VCs take another run at the cloud

One of the better known flops of the dot-com era was the Application Service Provider, the startup that hosted software in a data center so users could access it over the Internet rather than keep it on an internal server.

ASPs, as they were called, raised millions of dollars in venture capital while trying to shove big chunks of software down small pipes. A few years later, they were gone.

But the idea of ASPs has come back under a different name. Now it’s called cloud computing, and once again, venture capitalists are excited.

Asheem Chandna, a partner at Greylock Partners, says that the firm has one-third of its investments in cloud companies. He says that mid-size business customers can get cheaper and more reliable service in the cloud “than what their IT organizations could provide on their own.”

VCs don’t always agree on what the term “cloud computing” means. It can include virtualization, online storage, software delivered as a service and big masses of shared data, according to several who spoke to entrepreneurs and developers last month at an event in Palo Alto, Calif., sponsored by SDForum.

But just like a decade ago, several investors are predicting big growth for cloud computing. PricewaterhouseCoopers expects the market for software sold as a service to grow 60% next year, and a report last month from the Sand Hill Group, an investor and consultant in San Francisco, talks about “a $100 billion-plus opportunity” in the cloud. “Think back to 1997 and the buzz surrounding the Internet,” the group says in its report.

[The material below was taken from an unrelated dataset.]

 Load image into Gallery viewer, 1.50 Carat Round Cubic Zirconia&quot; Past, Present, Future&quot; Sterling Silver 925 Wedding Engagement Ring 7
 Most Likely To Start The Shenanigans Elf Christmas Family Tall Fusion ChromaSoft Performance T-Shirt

Andy Vitus, a venture partner at Scale Venture Partners, cited HTML 5 and JSON, a Java-based format for exchanging data, as ways for companies to help their applications communicate in the cloud. He also likes the idea of companies being able to control their capital costs by quickly turning on servers if they get a large number of users at one time.

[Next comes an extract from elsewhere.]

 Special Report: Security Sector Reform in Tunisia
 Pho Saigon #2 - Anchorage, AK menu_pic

New opportunities in the cloud are abundant, these VCs say, even though the public cloud is already dominated by Amazon and Rackspace.

Vitus called for more tools to monitor and manage the cloud and said he’s looking for a database that can replace Oracle’s MySQL, which he thinks “has started to fall over in terms of scaling.”

He also cited RightScale as a cloud success story that helps companies get up and running on the cloud and has raised $17.5 million from Benchmark Capital and Index Ventures, according to Thomson Reuters (publisher of PE Week).

The cloud “is a very significant evolution in the computing business—comparable to the shift from mainframe-based computing to client/server or to the Web model of computing,” says Mike Volpi, a partner at Index Ventures. “As a result, virtually every component of the software value chain has the opportunity to be redefined.”

Still, as with all new technologies, the cloud has problems, with some bigger than others. Big business customers so far are wary of the public cloud and have tended to go with private clouds, which they can control better. Customers have been reluctant to switch entirely from running their software on premises to running it over the Internet, and the responsibility for support, privacy and security in the cloud is sometimes unclear.

But the cloud is growing popular among some types of customers, such as social gaming companies Zynga Game Network and Playfish (which is now owned by Electronic Arts), which use it so they scale fast to accommodate big groups of players.

New Enterprise Associates Partner Peter Sonsini says he’s cautious about funding companies that don’t buy their software as a service over the Web.

Sonsini, who previously worked at VMware before he became a VC, says that the cloud will continue to improve.

“The cloud is the biggest thing going on that we have to pay attention to,” he says. —Deborah Gage

Alastair Goldfisher contributed to this story.